* **Problem description**: Restate the listing below word for word; no pictures belong in the copy.

╭─ Dataset excerpt

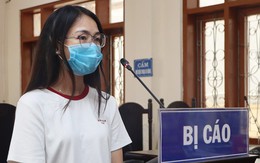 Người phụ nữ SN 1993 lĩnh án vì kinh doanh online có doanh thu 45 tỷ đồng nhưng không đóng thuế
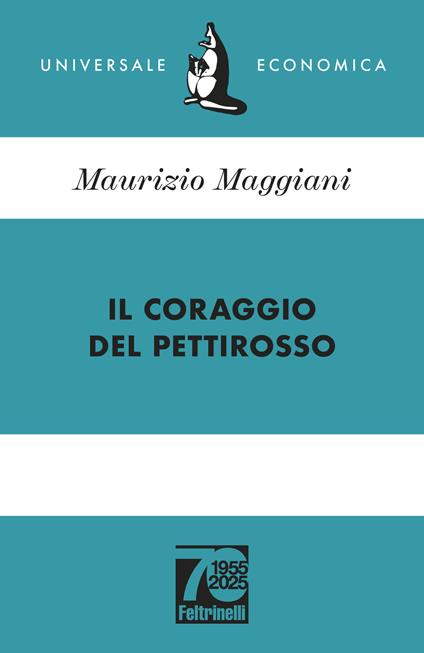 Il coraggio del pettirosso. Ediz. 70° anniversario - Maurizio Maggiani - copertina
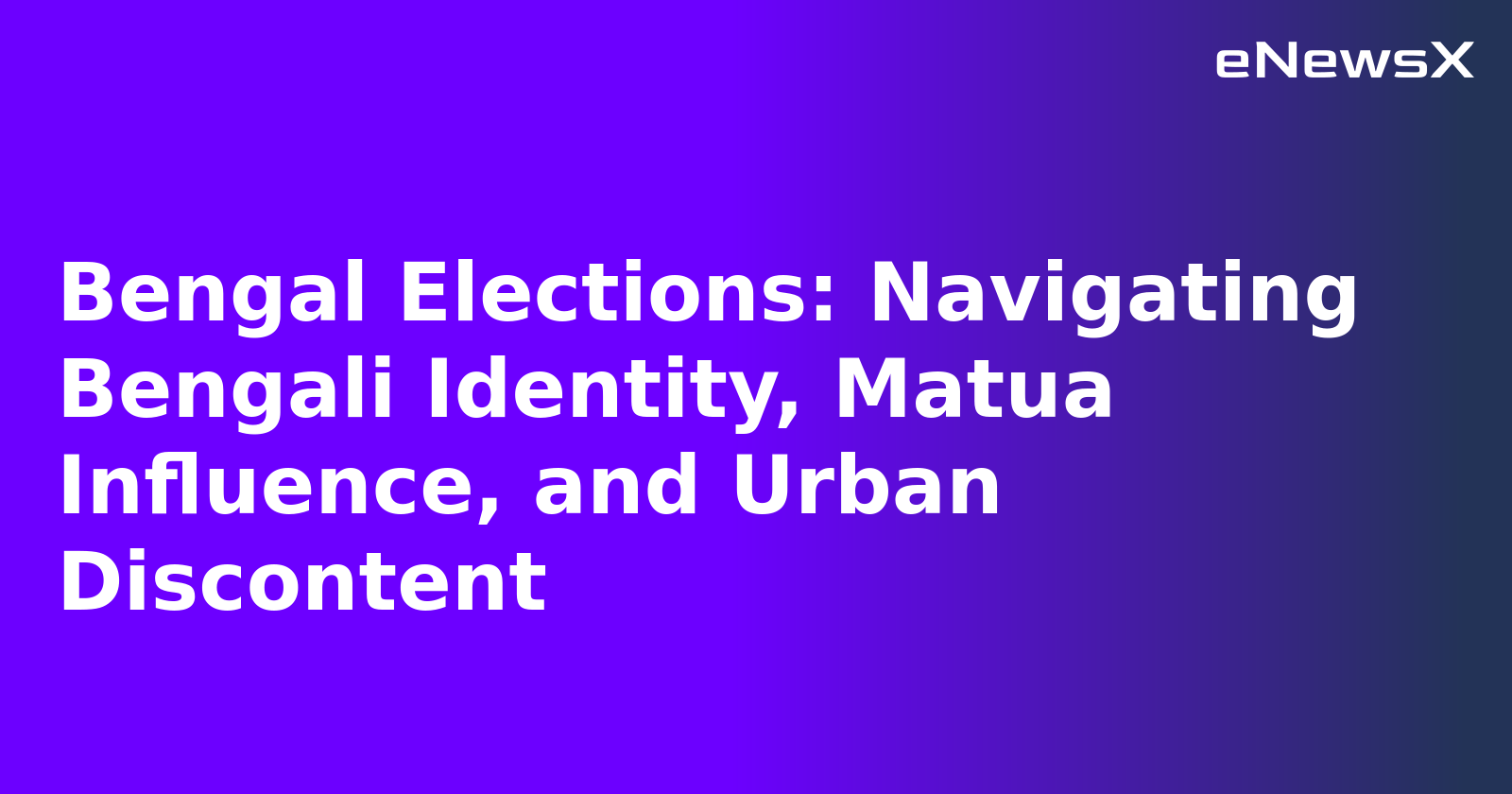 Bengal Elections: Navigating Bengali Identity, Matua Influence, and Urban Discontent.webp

╰─

* **Task output**:
 Người phụ nữ SN 1993 lĩnh án vì kinh doanh online có doanh thu 45 tỷ đồng nhưng không đóng thuế
 Il coraggio del pettirosso. Ediz. 70° anniversario - Maurizio Maggiani - copertina
 Bengal Elections: Navigating Bengali Identity, Matua Influence, and Urban Discontent.webp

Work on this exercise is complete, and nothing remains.